What is expected
Repeat verbatim, and only, the lines of the data below, beginning at the line that contains "Camisa de lino" and stopping after the line that contains "Dolce & Gabbana".
--- Data to use ---
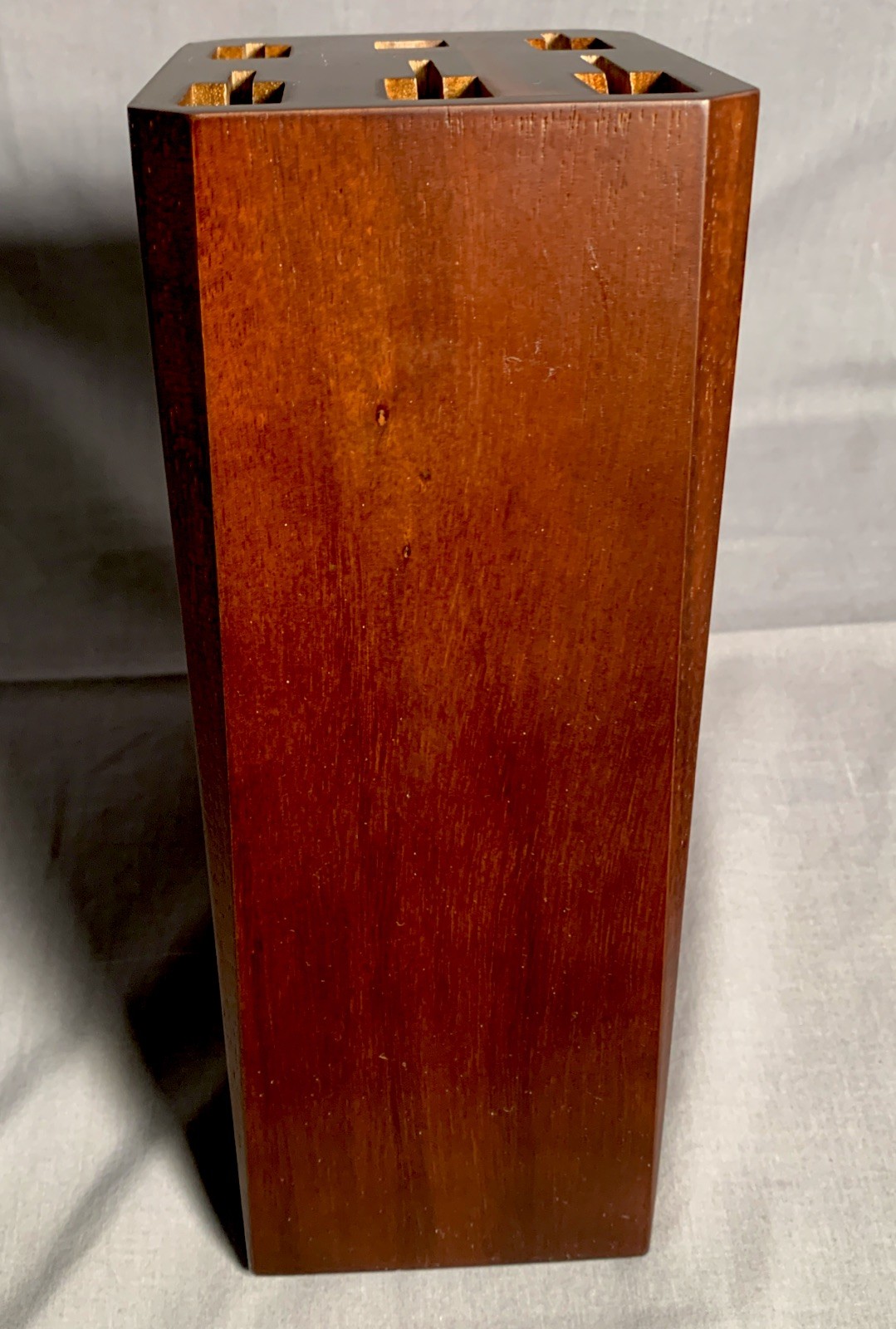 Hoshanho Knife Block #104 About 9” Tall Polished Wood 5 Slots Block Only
---
--- Data to use ---
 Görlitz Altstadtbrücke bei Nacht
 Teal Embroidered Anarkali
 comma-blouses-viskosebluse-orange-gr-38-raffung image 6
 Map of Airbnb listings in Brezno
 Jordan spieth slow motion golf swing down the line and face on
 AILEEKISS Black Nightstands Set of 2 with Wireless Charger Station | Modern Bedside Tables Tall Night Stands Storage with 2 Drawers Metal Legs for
---
--- Data to use ---
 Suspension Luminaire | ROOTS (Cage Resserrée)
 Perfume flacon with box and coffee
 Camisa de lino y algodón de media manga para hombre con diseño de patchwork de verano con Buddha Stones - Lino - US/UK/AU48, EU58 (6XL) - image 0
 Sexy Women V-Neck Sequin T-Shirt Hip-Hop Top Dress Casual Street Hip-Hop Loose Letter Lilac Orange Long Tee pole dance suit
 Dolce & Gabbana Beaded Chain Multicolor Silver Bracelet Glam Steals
---
Solution to this exercise
 Camisa de lino y algodón de media manga para hombre con diseño de patchwork de verano con Buddha Stones - Lino - US/UK/AU48, EU58 (6XL) - image 0
 Sexy Women V-Neck Sequin T-Shirt Hip-Hop Top Dress Casual Street Hip-Hop Loose Letter Lilac Orange Long Tee pole dance suit
 Dolce & Gabbana Beaded Chain Multicolor Silver Bracelet Glam Steals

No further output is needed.